We have successfully converted OBJ models to COLLADA and then GLTF. The models and textures are appearing correctly. However, depending on the angle from the camera to the model there is shading being applied that makes parts of the model very dark.
In other software we have been able to modify the luminosity to override this shading effect and still see the texture, but we have not found any way to eliminate the shading in Cesium.
We have turned off the lighting on the globe and made adjustments to every material parameter (ambient, diffuse, specular, emissions, shininess) without the desired result.
Is there a way to eliminate this shading effect (while retaining the image texture)?
There’s not a official way to do this yet.

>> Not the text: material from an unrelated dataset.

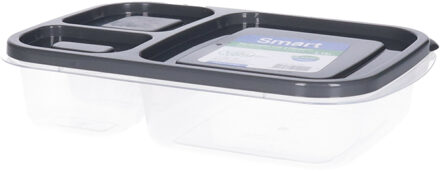Vershoudbakjes - 1.15L - 3-vaks - 23 cm - mealprep - bewaarbakjes - antraciet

Cesium just uses the default shader generated from the COLLADA common profile. To workaround this, you can tweak the fragment shader to have more ambient light (and less diffuse/specular if you want) so it appears bright regardless of the viewing angle. This use to be very easy, but now the online converter embeds and base64 encodes the shader (for example, see here) so you could either (1) convert offline and not embed resources so it is easy to patch the shader, or (2) patch the shader at runtime after it is loaded (see here).
Thanks for the response. We think we'd like to patch the shader at runtime, but would like to be able to do this without modifying the Cesium source code if possible. Could this be done by modifying the glTF object instance? Any pointers or examples you could provide would be appreciated.
Load the .gltf file into a JavaScript object with loadText and JSON.parse. Traverse it to find the shader source for each fragment shader. Get the base64-decoded source using loadText (like this). Patch the shader and base64 encode it. Create a data URI and assign it back to the shader source in the glTF JavaScript object. Create the glTF model using “new Model” like this.
Sorry for the late response, but for anyone interested in our solution here's what we did.
1. We opened up our model files after converting them to gltf
2. Searched for the "shaders" section
3. Copied the base64 text under "uri" of the "(modelid)0FS" shader
4. Dencoded the text using https://www.base64decode.org/ and found this line : diffuse.xyz *= max(dot(normal,vec3(0.,0.,1.)), 0.);
5. We replaced that line with this
diffuse.xyz *= .97;
6. Reencoded the entire text, and saved it back into the model using a text editor.
We figured since this was a hack, we might as well just do a find and replace of the encoded text with the modified encoded text on every one of our models.
This way we don't have to do anything extra at runtime.